Question: Does a random variable $Z$ exist with $X_n \rightarrow Z$ (in distribution), $X_n \rightarrow Z$ (in probability), $X_n \rightarrow Z$ (in $\mathcal{L}_2)$?
(my) Solution: I saw that $X_n \rightarrow 0$ (in probability) and proved it. For $\epsilon > 0$ we get:
$$P(|X_n - 0| > \epsilon) = P(|X_n| > \epsilon) \leq P(|X_n| \neq 0) \\ = 1 - P(|X_n| = 0) = \frac{1}{2^n} \rightarrow 0 \text{ as } n \rightarrow \infty$$ Now this already implies that $X_n \rightarrow 0$ (in distribution) and that if there exists a random variable $Z$ with $X_n \rightarrow Z$ (in $\mathcal{L}_2)$ $Z \equiv 0$. I proceeded by testing:
$$||X_n - Z||_{\mathcal{L_2}}^2 = E(|X_n|^2) = (2^n)^2\cdot\frac{1}{2^n} + 0\cdot (1 - \frac{1}{2^n}) = 2^n \neq 0 \text{ as } n \rightarrow \infty$$
And concluded that $(X_n)_{n \in \mathbb{N}}$ does not converge in $\mathcal{L}_2$.
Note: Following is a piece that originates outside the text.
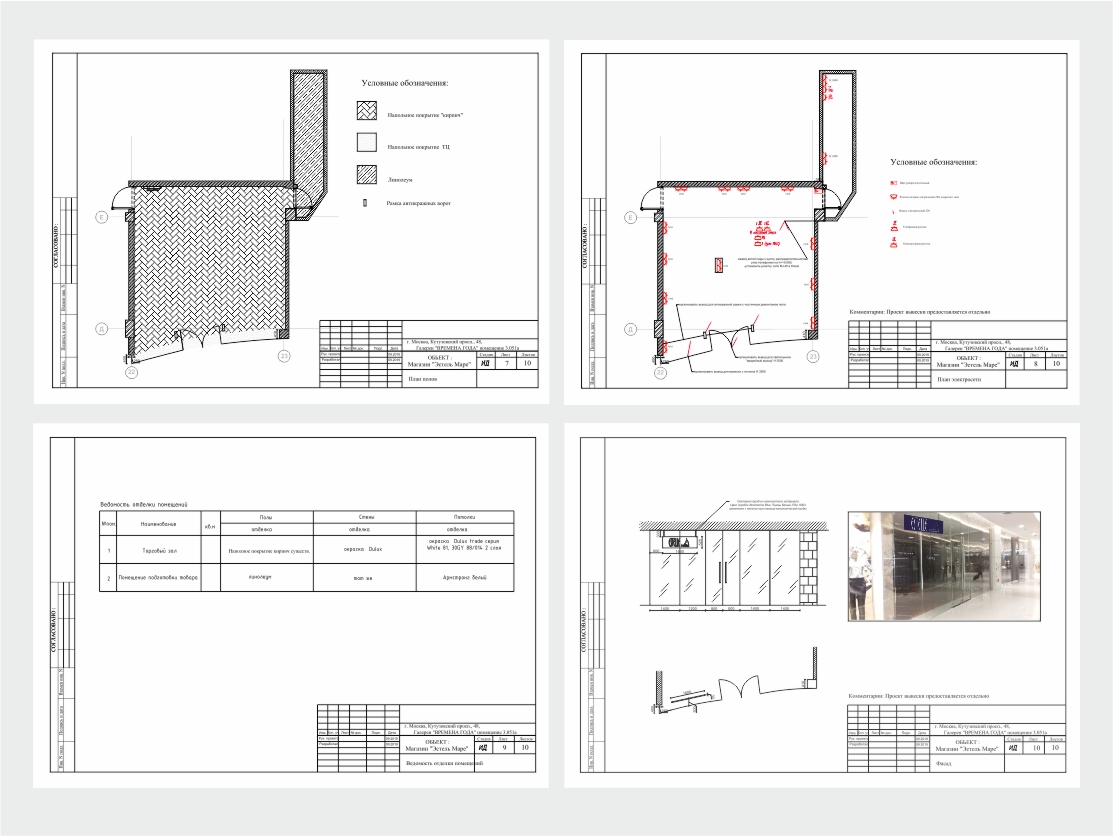 магазин купальников в ТЦ "Времена Года"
Is this argumentation correct? Is there a way to approach problems like this more efficiently (I just thought that $X_n \rightarrow 0$ (in probability) and tested it)?
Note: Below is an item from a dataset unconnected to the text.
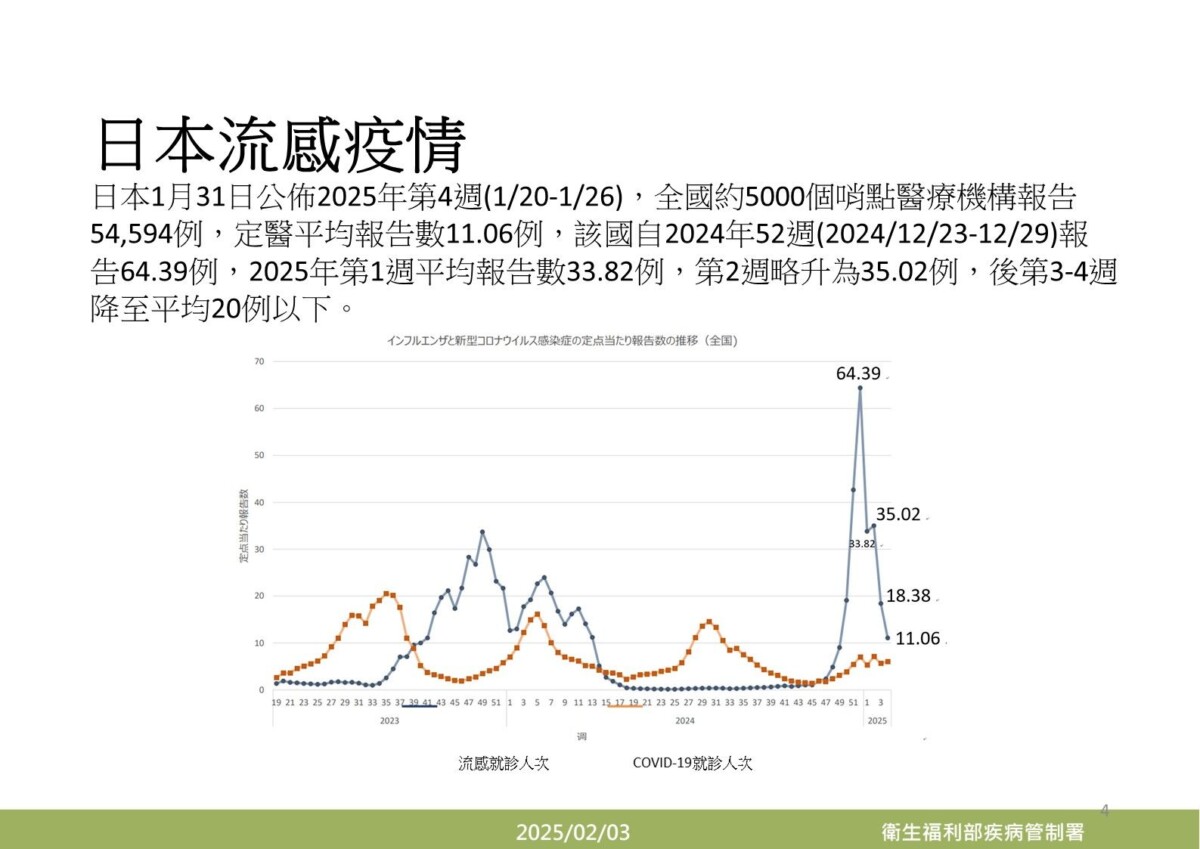 ▲日本流感疫情趨勢。（圖／疾管署提供）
I agree for the reasoning for the convergence in probability.
For the $\mathbb L^2$-convergence, you used implicitely the fact that if a sequence converges in $\mathbb L^2$ to $Z$ and in probability to $Z'$ then $Z=Z'$ almost surely, which is true. It rests on the fact that convergence in $\mathbb L^2$ implies convergence in probability.
As pointed out in the comment, the sequence $\left(X_n\right)_{n\geqslant 1}$ is also convergent to $0$ almost surely. To see this, one case use the Borel-Cantelli lemma with $A_n:=\{X_n\neq 0\}$.